Once you reach the line containing "hamster escape", return it and every line after it exactly, through the end of the records below, with no pictures.
━━━━━━━━━━━━━━━━
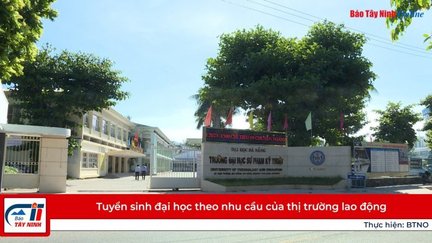 Tuyển sinh đại học theo nhu cầu của thị trường lao động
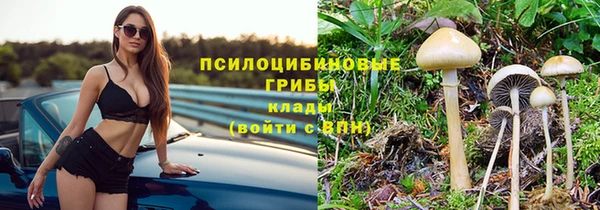 ешки Кодинск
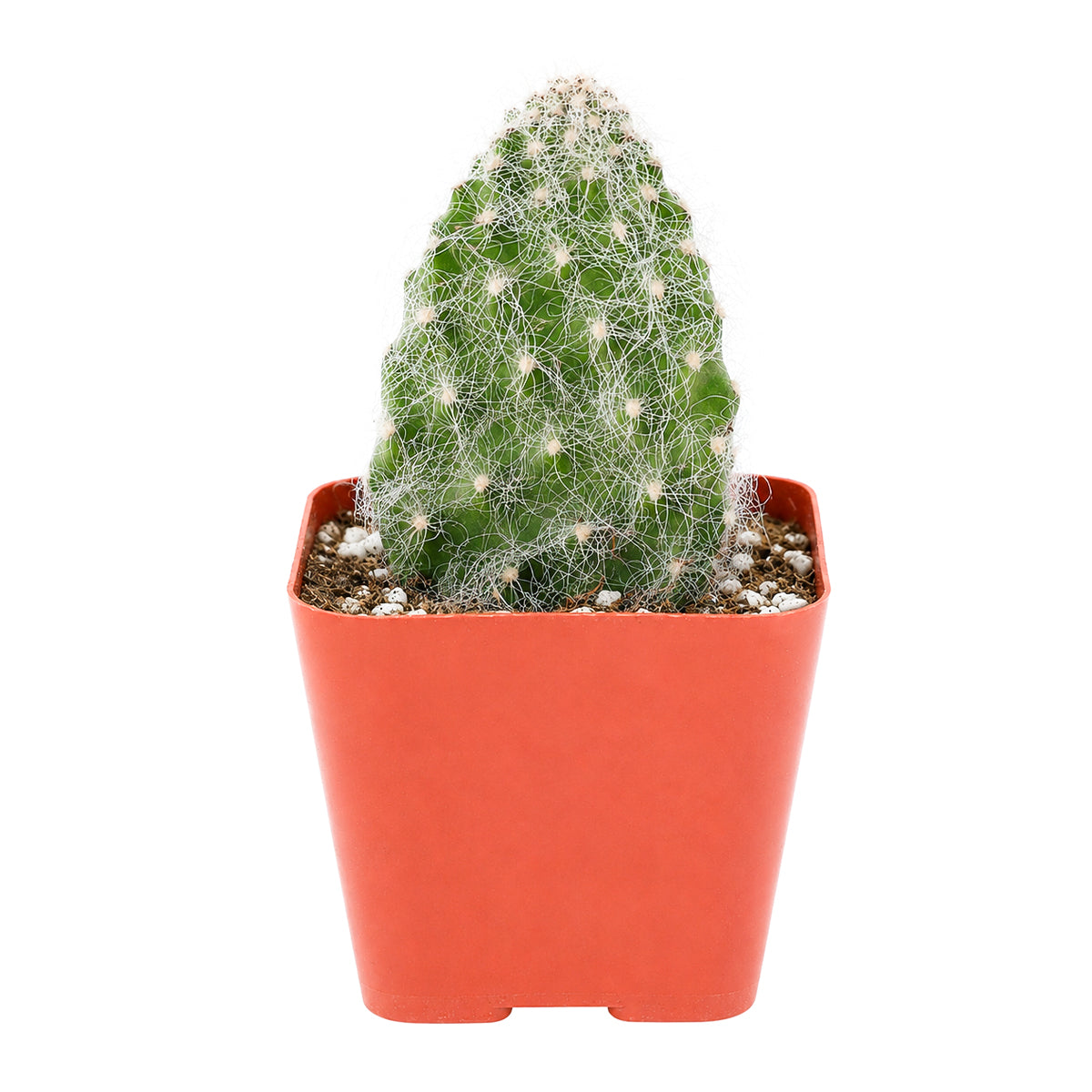 Opuntia polyacantha 'Snow Fuzzy'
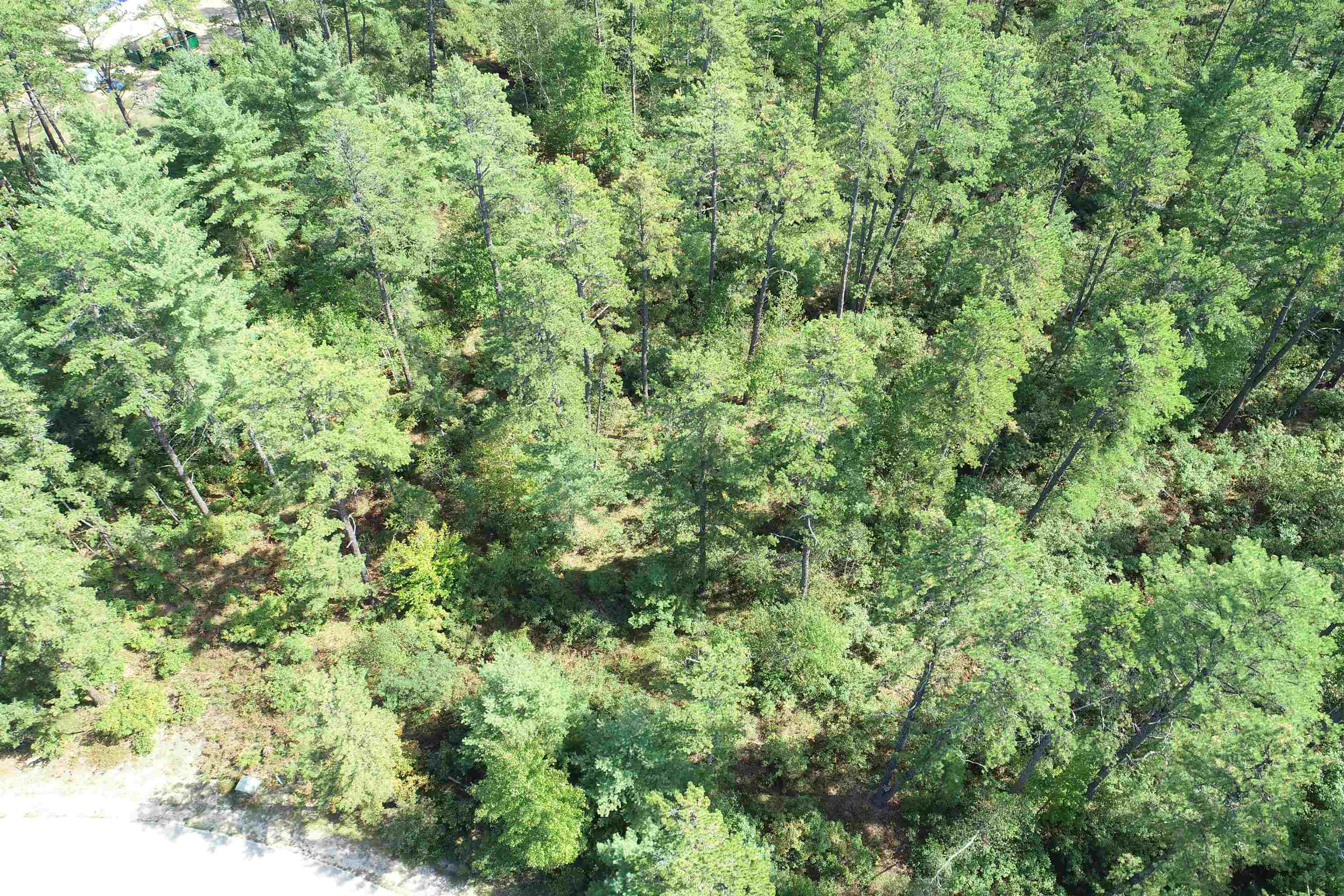 5-11 Friedman Lane, Unit 11 Freedom, NH 03836 - Photo 9 of 9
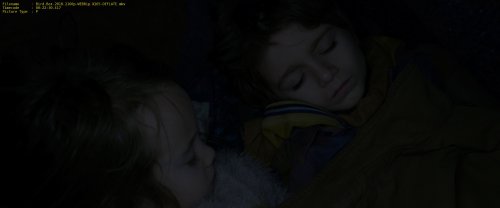Птичий короб (2018) 4K UHD WEBRip 2160p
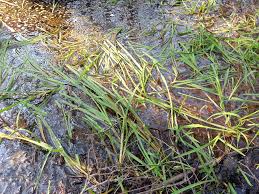 Image result for Glyceria fluitans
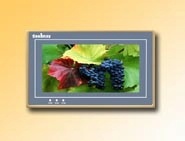 触摸屏真彩触摸屏5.7寸真彩触摸屏东莞触摸屏优惠供应触摸屏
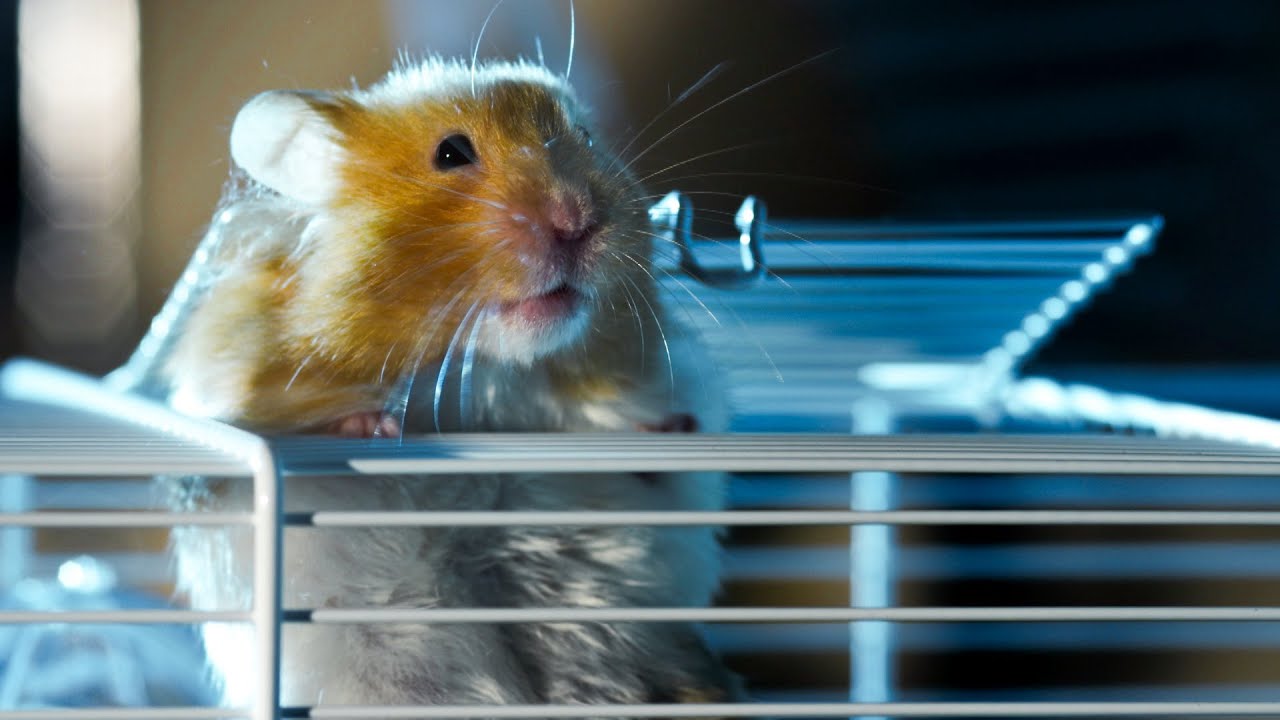 hamster escape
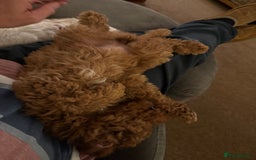 Cavapoochon dogs for sale: Gorgeous F1B Cavapoochon’s Fox Red available now. - Image 9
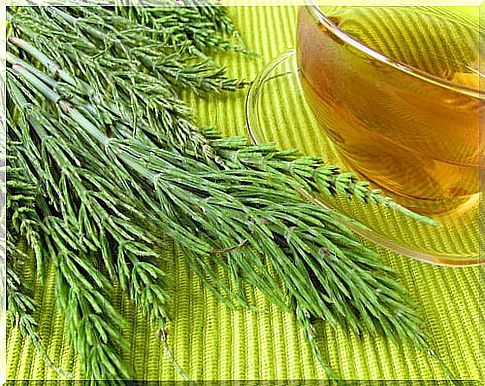 Horsetail infusions to treat water retention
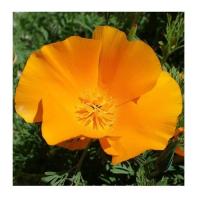 Coquelicot de californie 4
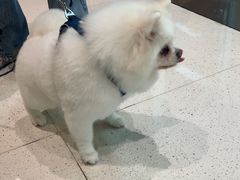 -帕帕拉兹宠物(亚洲旗舰店)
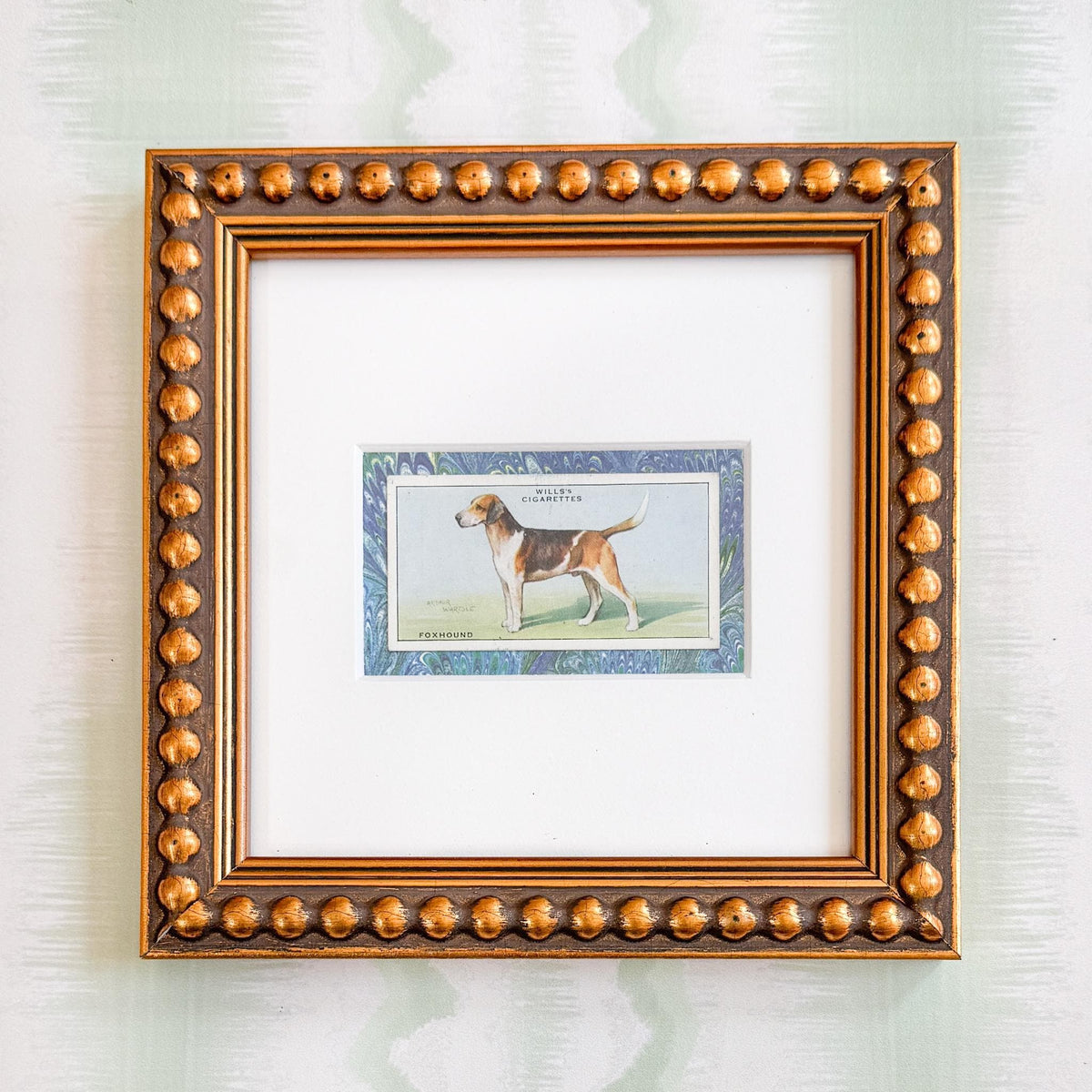 Framed Vintage Dog Cigarette Card c. 1937, Foxhound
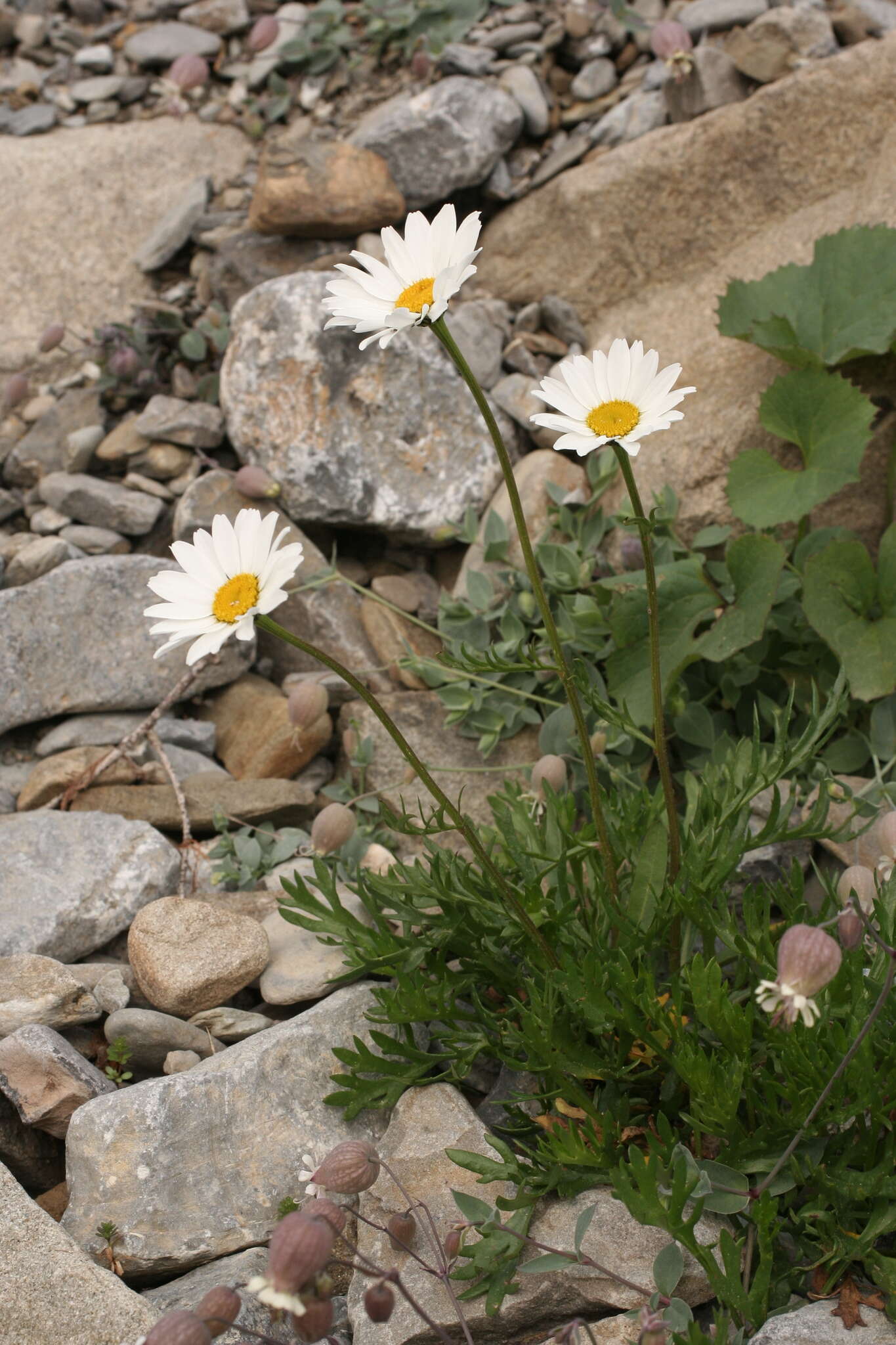 Image of Leucanthemum coronopifolium subsp. coronopifolium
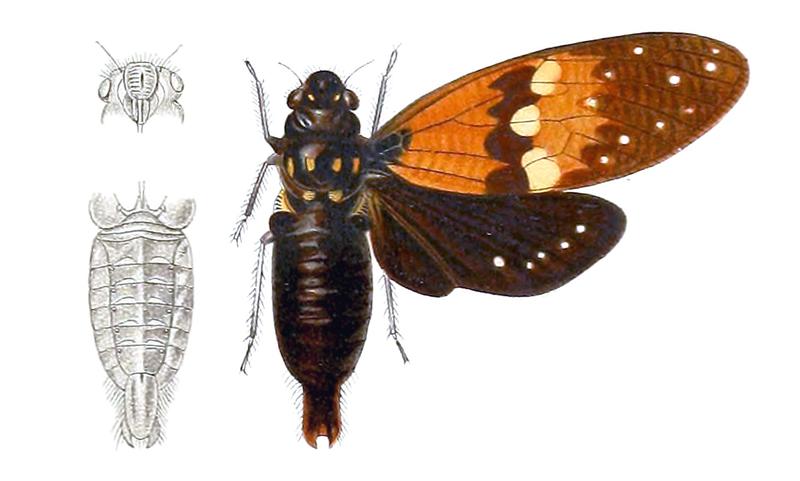 Ambragaeana stellata Distant 1914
━━━━━━━━━━━━━━━━
- OUTPUT -
 hamster escape
 Cavapoochon dogs for sale: Gorgeous F1B Cavapoochon’s Fox Red available now. - Image 9
 Horsetail infusions to treat water retention
 Coquelicot de californie 4
 -帕帕拉兹宠物(亚洲旗舰店)
 Framed Vintage Dog Cigarette Card c. 1937, Foxhound
 Image of Leucanthemum coronopifolium subsp. coronopifolium
 Ambragaeana stellata Distant 1914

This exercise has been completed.